When it comes to trainers and rollers, there are a lot of options to choose from. Trainers can vary a lot in price and features, so it’s important to consider what your training goals are before buying.

Here are some tricks and tips to get the most out of your winter training:

1. Know Your Trainers: The primary purpose of trainers is to help you build strength and endurance. Basically, a trainer is a treadmill for your rear wheel—you just clamp your rear wheel in and start spinning.  How much resistance your trainer delivers will depend on what type it is. Our Learning Center has an article that dives more in-depth into the different types of trainers, but here’s a quick summary:

Wind Trainers: Use a fan to generate resistance.

Advantages

  • Fewer moving parts
  • Produce progressive resistance, which increases as wheel speed increases
  • Smooth resistance with minimal vibration

Disadvantages

  • Noisy
  • Fan susceptible to damage
  • Increasing wheel speed only way to increase resistance

Magnetic Trainers: Use combination of magnets and metal plates to generate resistance.

Advantages

  • Offer multiple levels of resistance
  • Quieter than wind trainers
  • Produce linear resistance, which stays the same regardless of wheel speed
  • Typically less expensive than other options

Disadvantages

  • Changing resistance level requires dismounting bike unless trainer is equipped with handlebar-mounted remote shift lever

Fluid Trainers: Uses a hydraulic fluid and an impeller to create resistance.

Advantages

  • Produce progressive resistance, which increases as wheel speed increases
  • Very quiet
  • Most moving parts protected by enclosed resistance unit
  • Available in adjustable resistance models

Disadvantages

  • More Expensive

A quick word on tires: trainers tend to be tough on your tires. As mentioned above, some companies like Vittoria now make specially designed tires that are made to withstand the rigors that the trainer will put them through.

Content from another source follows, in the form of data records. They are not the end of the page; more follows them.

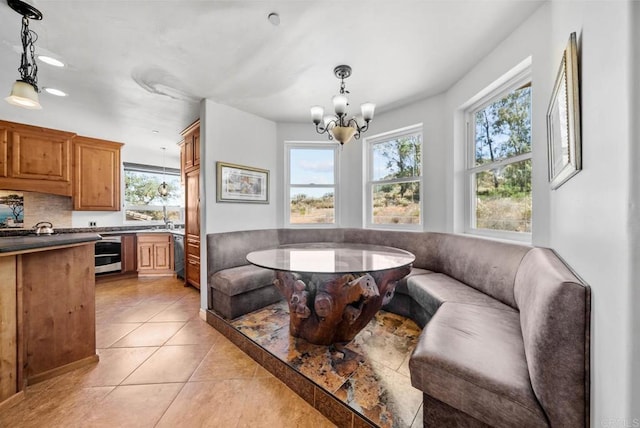 20202 Deerhorn Valley Rd, Jamul, CA 91935 - dining room with a chandelier, light tile patterned flooring, and recessed lighting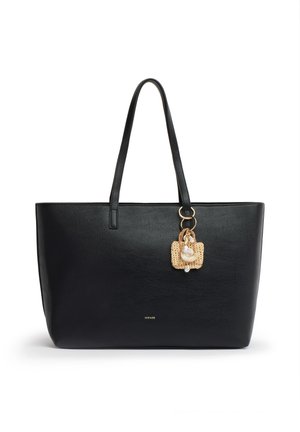 Sac cabas en cuir noir avec deux bretelles et un charm tissé beige décoratif avec des perles suspendu à un anneau doré.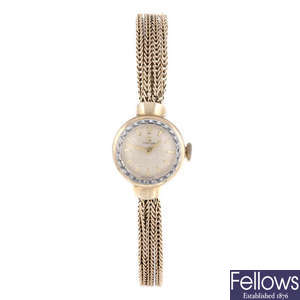 OMEGA - a lady's 9ct yellow gold bracelet watch with a pendent watch and brooch.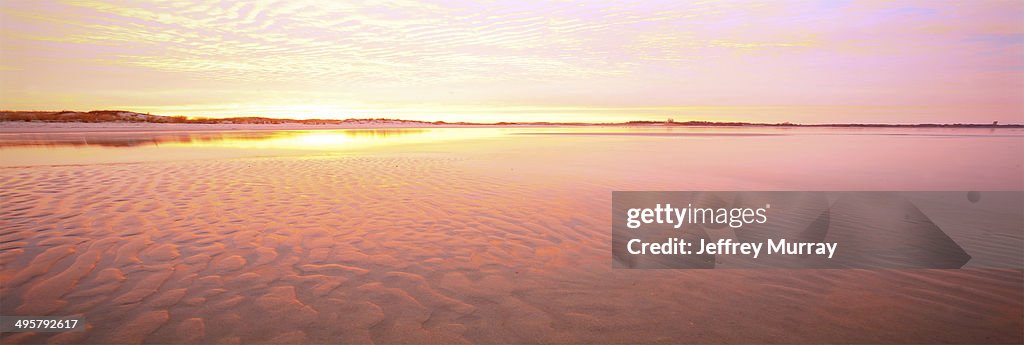 A stretch along the sandy beach of Cape Henlopen State Park, Delaware taken at sunrise.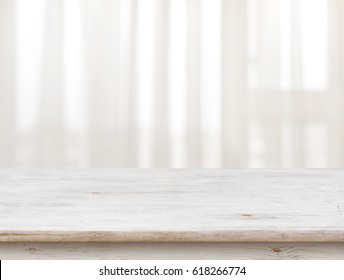 Wooden table on defocuced window with transparent curtain background.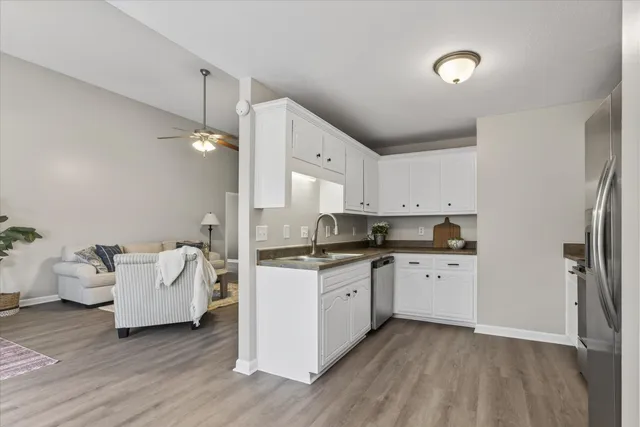 a kitchen with a sink cabinets and wooden floor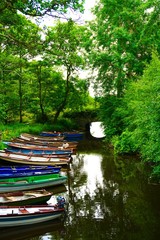Colorful boats in peaceful river surrounded by lush green scenery in Ireland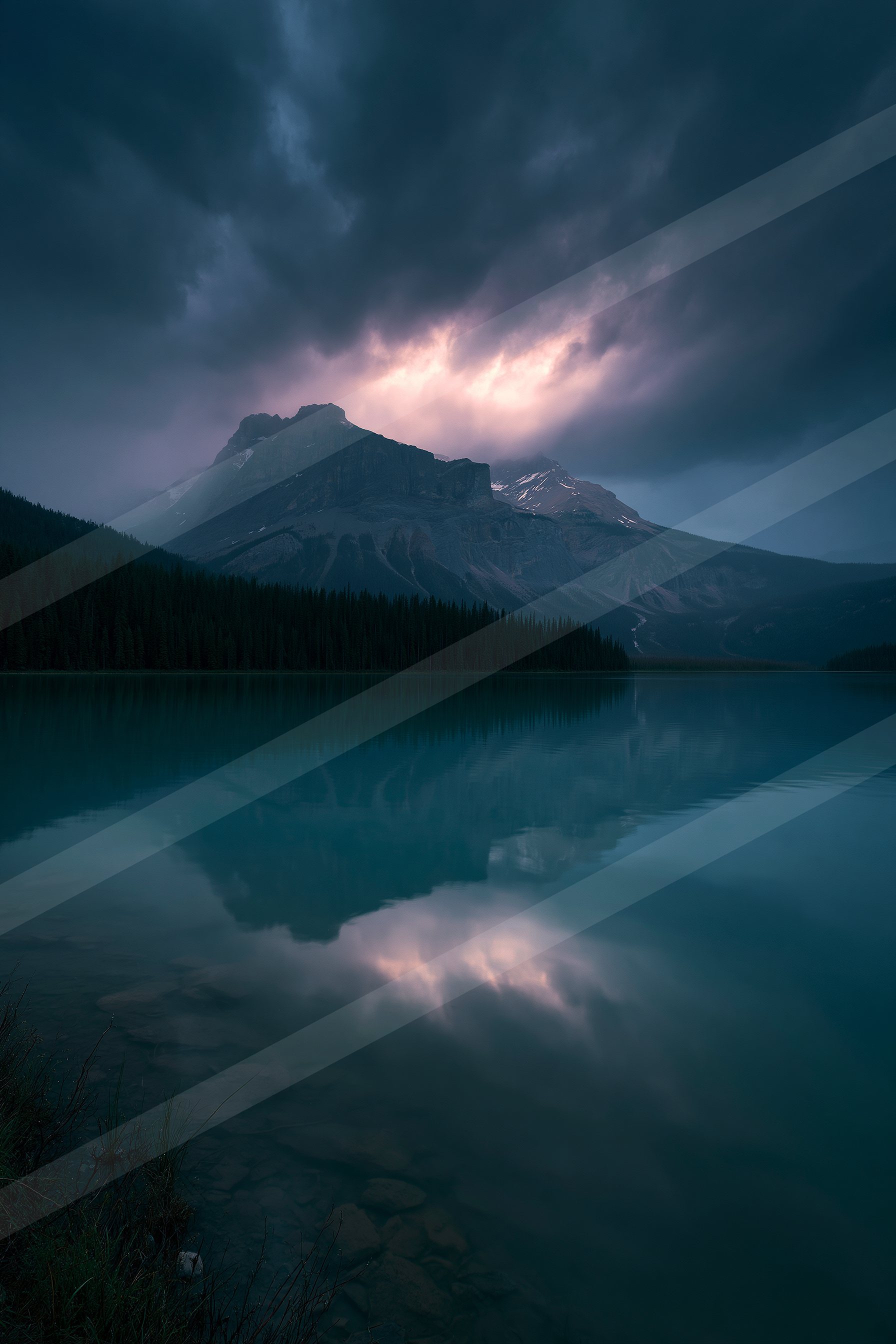A serene lake reflects the silhouette of a mountain under a moody, storm-laden sky.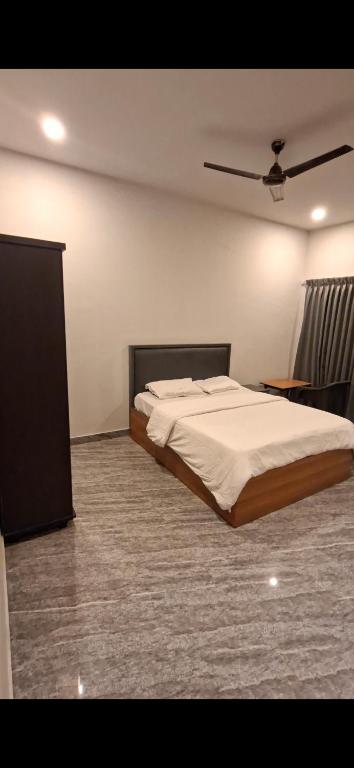 ein Schlafzimmer mit einem großen Bett in einem Zimmer in der Unterkunft Tkt Tourist Home in Kannur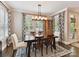 Elegant dining room features a wooden table, large windows, and stylish light fixture at 1118 Yale Pl, Charlotte, NC 28209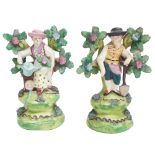 Pair of Staffordshire Walton style bocage figures of gardeners, each entitled Walton to the reverse,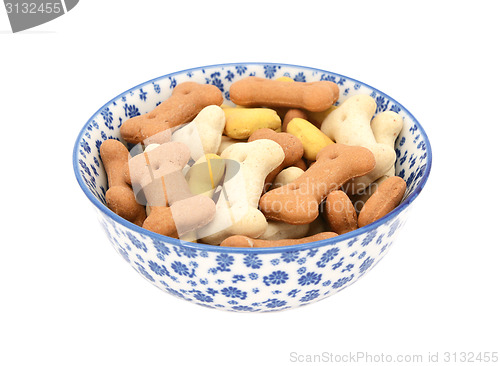 Image of Dog biscuits in a blue and white china bowl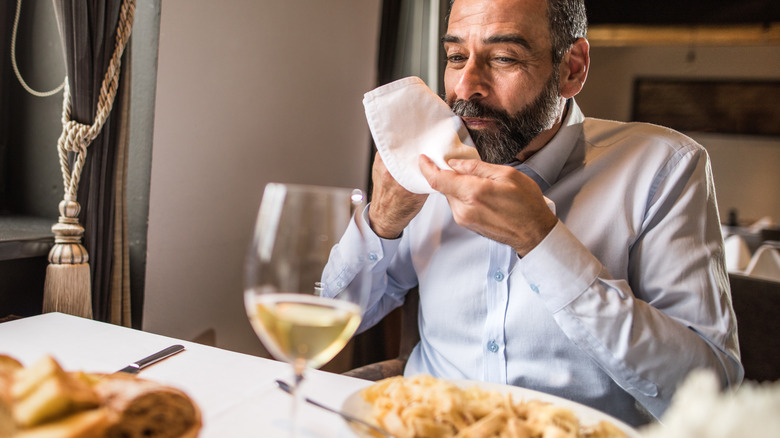 Man eating at a restaurant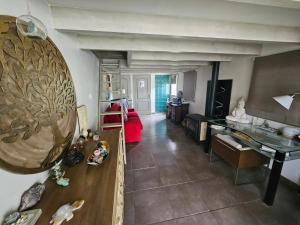 a living room with a piano and a red couch at Duplex Piscine Climatisation in Vendémian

The Elite Qubo Fluid+ resistance trainer is a great way to gain strength and work on endurance through the winter

2. Rollers: are different from trainers in that the focus is on developing form instead of strength. While riding the rollers can deliver a hard, pulse-pounding workout, rollers are better used to work on cadence, pedaling efficiency and concentration. Unlike trainers, rollers are a free-form exercise where the bike is not locked down, so they require a smooth pedaling motion, steady cadence and concentration to use. They take some practice to get the hang of, but the rewards are significant. The first few times you use rollers, we highly recommend wearing a helmet, setting them up next to a wall (to make it easier to get on and off), and putting some couch cushions around you on the floor. It’s also recommended that you have someone video your first attempt at using the rollers, since hilarity is almost certainly sure to ensue (don’t worry, we’ve all been there).

Rollers are an excellent way to work on form and cadence through the long winter months

3. Boredom: I’m going to be really honest here: there are few things more boring than riding a trainer/rollers. When you’re sitting on a bike that’s going nowhere, it’s really hard to stay motivated and push yourself. A good way to overcome this is with videos or music. Many companies offer workout DVD’s for use with the trainer that can help you target specific areas you’d like to work on (strength training, endurance, climbing, etc…). Something important to remember, though, is that your time on the trainer is an hour you have to yourself to do whatever you want. With that in mind, here are some other ideas I use to stay focused:

-Catch up on the DVR queue

-Watch cycling movies like Breaking Away, American Flyers, and The Flying Scotsman

-Scour Netflix for movies that your better half doesn’t want to watch (I’ve probably seen Commando on the trainer at least 7 times)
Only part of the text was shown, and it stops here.